Recently, on many accounts, users have seen an alert that walks them through a Privacy Checkup on their profile. Even if you haven’t seen this option appear on your page, I’ll walk you through how you can easily update your settings, or the settings on your child’s profile, to beef up security on Facebook.
Did you know you can change who sees each of your Status Updates or Photos? Creating lists will help cater your audience for you. I have a list for all local (San Diego in my case) friends in case I’m sharing something specific to our area. I have a Family list which enables me to share personal Photos more frequently, a list of friends I know from high school, a separate list of College Friends, etc. since we all know Facebook makes it more challenging for us to see everyone’s updates in real time. This helps me see what they’re all up to by having these separate lists, while allowing me to reach them without clogging the feed with updates shared with everyone I’m connected to.
We’ll get to how to create these lists later. For now, make sure you have your settings set to Friends if that’s what you prefer. If Public is an option, consider whether or not you want to allow people to Follow you if you don’t want to put them on your Friends list.

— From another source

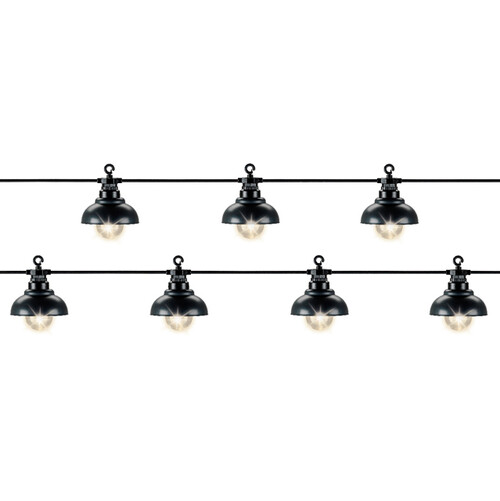Гирлянда из лампочек Фонарики, 10 ламп с экстра теплым белым светом, 4.5 м, черный ПВХ, соединяемая, IP44 Kaemingk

You’ll see from the screenshot I’ve included, that I share many apps with Only Me, which makes me feel more comfortable using Facebook to login to third party sites. In case they should ever post to Facebook without my realizing it, only I will see it. You can delete apps you don’t recognize or want to be connected with by simply clicking on the X to the far right. You can change who sees the app updates by selecting the down arrow for more choices.

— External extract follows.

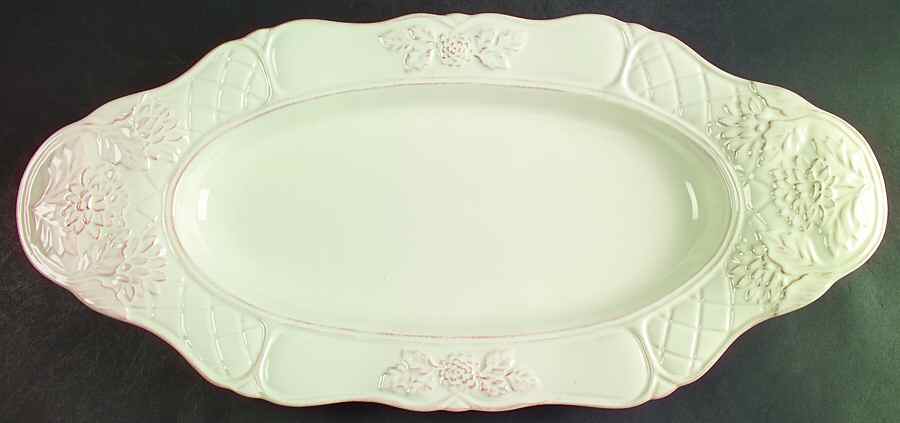 Cuisineware Ivory 22" Fish Platter by Certified International-1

If you want to see what Activity you’ve shared with your Friends in the past, not to worry. You can still go back and change settings on things you’ve already shared on your Timeline. From your personal profile, select View Activity Log to see what’s been shared with whom. You can sort the Activity Log by type of Activity, from Posts You’re Tagged In to Groups, Events, Games and more.
Yes, in case you’re wondering, unless you’ve turned the options off, each comment, Like and activity shows up to your Friends, both on the Timeline itself and that little ticket to the right sidebar, which pretty much everyone I know dislikes.
If a Group you’re in is not Secret or Closed, there are ways that others outside the group can see what comments and discussions are taking place. This is one that people tend to not realize and you really have no control over unless you’re an Admin for the Group. Of course, once you switch a Closed Group to Secret (invite only and no one else can find it in search), you can’t change it back.
Under the About section of your profile, Friends and those who Follow you may be able to see personal information, including your phone number, email addresses and date of birth. In case you don’t mind sharing how old you are going to be on your next birthday, think about how often you’re asked for your DOB as a security measure for accessing bank accounts and other financial information. I choose to leave this off my page, but if someone really wants to reach me by phone, by all means, call me. I probably won’t answer it anyway if I don’t recognize the number.
I recommend using someone else’s profile you trust, like a spouse or sibling, to see what shows up on your profile page which you might not realize is there. From seeing which Groups you’re a part of to which Movies, Books and Games you’ve Liked, Facebook knows way too much about us these days.
Beefing up your Facebook Security is something you should do often, as their settings continually change, but it’s just as important for you to walk through these features with your children as soon as they setup their Facebook profile. Of course, children need to be at least 13 years of age to have an account, so if you feel comfortable with them, having access to their account (so they don’t create an Everyone But Parents list) is essential for keeping the safe and ensuring they don’t share TMI which could always come back to haunt them later on.